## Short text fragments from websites

########################################

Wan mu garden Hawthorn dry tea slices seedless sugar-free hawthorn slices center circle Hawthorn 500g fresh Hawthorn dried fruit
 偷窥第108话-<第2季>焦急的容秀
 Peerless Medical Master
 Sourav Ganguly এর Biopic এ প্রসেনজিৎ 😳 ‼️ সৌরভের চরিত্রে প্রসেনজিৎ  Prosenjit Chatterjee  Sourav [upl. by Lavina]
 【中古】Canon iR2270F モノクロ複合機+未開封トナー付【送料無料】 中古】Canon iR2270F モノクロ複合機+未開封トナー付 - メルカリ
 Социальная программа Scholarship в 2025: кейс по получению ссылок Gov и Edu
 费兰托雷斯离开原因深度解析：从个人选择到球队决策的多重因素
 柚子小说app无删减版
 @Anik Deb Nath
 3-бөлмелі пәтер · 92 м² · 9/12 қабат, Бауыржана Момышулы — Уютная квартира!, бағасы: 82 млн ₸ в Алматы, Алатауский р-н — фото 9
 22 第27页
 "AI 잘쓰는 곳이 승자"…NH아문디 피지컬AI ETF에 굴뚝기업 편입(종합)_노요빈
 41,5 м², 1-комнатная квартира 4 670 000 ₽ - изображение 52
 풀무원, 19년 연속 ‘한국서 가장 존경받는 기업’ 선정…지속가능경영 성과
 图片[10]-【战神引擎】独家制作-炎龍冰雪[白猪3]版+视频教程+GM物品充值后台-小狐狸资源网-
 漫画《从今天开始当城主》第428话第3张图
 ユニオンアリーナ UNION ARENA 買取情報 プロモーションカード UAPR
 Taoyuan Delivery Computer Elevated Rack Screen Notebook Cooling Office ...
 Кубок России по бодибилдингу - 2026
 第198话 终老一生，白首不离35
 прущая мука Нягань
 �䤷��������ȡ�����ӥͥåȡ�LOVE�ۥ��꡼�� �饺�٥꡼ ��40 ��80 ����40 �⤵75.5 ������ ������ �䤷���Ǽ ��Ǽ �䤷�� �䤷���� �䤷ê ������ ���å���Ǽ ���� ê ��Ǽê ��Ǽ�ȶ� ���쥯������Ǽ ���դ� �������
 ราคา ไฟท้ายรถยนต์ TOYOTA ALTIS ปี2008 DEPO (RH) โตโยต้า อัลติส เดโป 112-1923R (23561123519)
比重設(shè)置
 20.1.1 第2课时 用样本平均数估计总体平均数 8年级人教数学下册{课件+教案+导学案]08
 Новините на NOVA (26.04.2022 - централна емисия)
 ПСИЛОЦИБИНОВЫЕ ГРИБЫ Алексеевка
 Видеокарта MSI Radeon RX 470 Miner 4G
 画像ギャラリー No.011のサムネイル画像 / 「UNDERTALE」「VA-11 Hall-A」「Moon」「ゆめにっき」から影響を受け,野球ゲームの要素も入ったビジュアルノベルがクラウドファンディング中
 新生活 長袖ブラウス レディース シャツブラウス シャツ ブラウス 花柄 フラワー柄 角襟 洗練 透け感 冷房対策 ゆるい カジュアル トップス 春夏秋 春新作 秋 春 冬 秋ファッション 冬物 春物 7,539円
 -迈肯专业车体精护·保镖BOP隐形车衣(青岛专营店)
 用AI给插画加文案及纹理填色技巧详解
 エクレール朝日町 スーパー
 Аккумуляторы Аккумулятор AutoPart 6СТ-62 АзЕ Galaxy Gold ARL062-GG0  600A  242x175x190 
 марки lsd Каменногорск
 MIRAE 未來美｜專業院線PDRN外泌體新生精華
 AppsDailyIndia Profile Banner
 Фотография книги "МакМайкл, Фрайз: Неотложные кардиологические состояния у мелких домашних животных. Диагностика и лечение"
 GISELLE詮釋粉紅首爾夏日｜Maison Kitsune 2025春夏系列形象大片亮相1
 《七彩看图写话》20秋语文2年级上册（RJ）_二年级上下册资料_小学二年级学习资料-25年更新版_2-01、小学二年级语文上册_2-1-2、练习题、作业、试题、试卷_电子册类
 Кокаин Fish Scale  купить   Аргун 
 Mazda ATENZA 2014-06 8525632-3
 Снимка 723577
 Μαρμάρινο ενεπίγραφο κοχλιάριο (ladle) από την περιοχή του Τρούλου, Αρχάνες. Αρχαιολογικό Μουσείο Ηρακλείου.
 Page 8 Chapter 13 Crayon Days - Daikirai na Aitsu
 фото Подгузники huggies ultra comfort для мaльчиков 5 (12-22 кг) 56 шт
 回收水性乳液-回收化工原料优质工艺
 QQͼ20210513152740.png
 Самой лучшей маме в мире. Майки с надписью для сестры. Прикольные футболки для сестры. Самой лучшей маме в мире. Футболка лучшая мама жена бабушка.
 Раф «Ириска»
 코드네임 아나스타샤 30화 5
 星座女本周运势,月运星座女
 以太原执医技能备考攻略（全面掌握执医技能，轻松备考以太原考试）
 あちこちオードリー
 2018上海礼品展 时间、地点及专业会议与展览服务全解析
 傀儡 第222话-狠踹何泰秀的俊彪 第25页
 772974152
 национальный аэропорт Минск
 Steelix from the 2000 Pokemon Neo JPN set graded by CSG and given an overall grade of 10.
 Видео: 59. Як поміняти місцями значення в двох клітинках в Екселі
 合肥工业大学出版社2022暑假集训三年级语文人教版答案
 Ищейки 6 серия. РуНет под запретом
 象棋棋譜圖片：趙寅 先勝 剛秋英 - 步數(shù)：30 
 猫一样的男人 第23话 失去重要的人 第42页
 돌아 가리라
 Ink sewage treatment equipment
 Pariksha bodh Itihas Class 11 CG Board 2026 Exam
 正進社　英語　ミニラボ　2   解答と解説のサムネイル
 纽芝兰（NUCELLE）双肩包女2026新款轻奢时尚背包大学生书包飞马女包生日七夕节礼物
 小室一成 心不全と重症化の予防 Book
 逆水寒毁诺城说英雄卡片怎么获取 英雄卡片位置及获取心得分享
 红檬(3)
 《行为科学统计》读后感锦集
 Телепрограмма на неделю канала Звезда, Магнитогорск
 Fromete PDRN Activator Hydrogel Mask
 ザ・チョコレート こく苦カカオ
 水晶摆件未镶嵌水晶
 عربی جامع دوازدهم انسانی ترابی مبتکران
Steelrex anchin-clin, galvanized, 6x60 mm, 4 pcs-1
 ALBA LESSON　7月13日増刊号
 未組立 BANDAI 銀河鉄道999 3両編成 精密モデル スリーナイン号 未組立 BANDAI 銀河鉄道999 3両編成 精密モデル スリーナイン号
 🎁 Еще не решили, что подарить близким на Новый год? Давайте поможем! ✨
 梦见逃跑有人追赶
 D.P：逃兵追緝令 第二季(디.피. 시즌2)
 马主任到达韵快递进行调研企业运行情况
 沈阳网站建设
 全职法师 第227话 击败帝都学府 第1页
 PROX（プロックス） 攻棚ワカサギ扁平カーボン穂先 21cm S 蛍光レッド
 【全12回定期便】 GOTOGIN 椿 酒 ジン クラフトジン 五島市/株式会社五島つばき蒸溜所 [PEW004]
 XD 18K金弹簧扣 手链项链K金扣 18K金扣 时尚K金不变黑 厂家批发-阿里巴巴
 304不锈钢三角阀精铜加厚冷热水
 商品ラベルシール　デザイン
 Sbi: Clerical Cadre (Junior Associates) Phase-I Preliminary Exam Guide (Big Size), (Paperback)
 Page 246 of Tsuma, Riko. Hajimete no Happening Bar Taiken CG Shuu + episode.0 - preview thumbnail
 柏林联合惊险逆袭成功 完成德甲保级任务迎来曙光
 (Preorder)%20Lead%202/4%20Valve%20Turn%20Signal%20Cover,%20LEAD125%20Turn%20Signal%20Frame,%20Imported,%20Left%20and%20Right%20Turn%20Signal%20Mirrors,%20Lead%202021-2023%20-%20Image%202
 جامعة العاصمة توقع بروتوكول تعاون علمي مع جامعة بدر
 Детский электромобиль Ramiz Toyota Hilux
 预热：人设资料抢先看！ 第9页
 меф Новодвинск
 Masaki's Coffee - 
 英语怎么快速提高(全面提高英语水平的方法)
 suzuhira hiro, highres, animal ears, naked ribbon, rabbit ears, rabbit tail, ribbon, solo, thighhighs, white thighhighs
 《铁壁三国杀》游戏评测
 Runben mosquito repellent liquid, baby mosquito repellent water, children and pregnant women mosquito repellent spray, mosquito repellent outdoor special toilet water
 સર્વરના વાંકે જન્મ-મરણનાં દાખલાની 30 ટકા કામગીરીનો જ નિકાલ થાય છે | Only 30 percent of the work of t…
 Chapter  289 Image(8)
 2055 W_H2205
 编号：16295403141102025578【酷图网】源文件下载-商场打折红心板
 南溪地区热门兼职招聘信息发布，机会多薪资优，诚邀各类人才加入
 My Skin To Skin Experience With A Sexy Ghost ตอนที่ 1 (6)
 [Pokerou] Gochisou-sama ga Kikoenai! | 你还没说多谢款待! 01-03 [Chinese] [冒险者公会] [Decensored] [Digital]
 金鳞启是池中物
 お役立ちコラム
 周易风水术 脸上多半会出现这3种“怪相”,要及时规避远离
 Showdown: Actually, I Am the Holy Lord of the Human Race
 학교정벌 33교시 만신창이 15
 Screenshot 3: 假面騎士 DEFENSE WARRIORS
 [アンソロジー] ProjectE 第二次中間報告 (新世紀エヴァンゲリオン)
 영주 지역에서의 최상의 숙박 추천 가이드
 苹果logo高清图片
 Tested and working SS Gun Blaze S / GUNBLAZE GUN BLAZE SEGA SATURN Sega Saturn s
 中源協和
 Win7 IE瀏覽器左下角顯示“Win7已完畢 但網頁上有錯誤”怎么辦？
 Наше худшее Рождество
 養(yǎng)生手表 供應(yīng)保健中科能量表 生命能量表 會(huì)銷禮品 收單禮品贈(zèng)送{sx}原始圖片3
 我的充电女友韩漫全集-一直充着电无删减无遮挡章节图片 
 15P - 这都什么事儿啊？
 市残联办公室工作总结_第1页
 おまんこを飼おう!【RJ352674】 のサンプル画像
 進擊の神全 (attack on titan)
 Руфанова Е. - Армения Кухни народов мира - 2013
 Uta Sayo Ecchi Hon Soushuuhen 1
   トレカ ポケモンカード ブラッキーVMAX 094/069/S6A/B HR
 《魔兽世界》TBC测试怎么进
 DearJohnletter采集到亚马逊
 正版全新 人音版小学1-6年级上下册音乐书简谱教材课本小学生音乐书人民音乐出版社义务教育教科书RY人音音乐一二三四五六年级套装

########################################

The answer is the run of lines above from the line containing "Аккумуляторы Аккумулятор AutoPart" through the line containing "Снимка 723577", copied exactly and alone.

## PROBLEM SOLUTION
 Аккумуляторы Аккумулятор AutoPart 6СТ-62 АзЕ Galaxy Gold ARL062-GG0  600A  242x175x190 
 марки lsd Каменногорск
 MIRAE 未來美｜專業院線PDRN外泌體新生精華
 AppsDailyIndia Profile Banner
 Фотография книги "МакМайкл, Фрайз: Неотложные кардиологические состояния у мелких домашних животных. Диагностика и лечение"
 GISELLE詮釋粉紅首爾夏日｜Maison Kitsune 2025春夏系列形象大片亮相1
 《七彩看图写话》20秋语文2年级上册（RJ）_二年级上下册资料_小学二年级学习资料-25年更新版_2-01、小学二年级语文上册_2-1-2、练习题、作业、试题、试卷_电子册类
 Кокаин Fish Scale  купить   Аргун 
 Mazda ATENZA 2014-06 8525632-3
 Снимка 723577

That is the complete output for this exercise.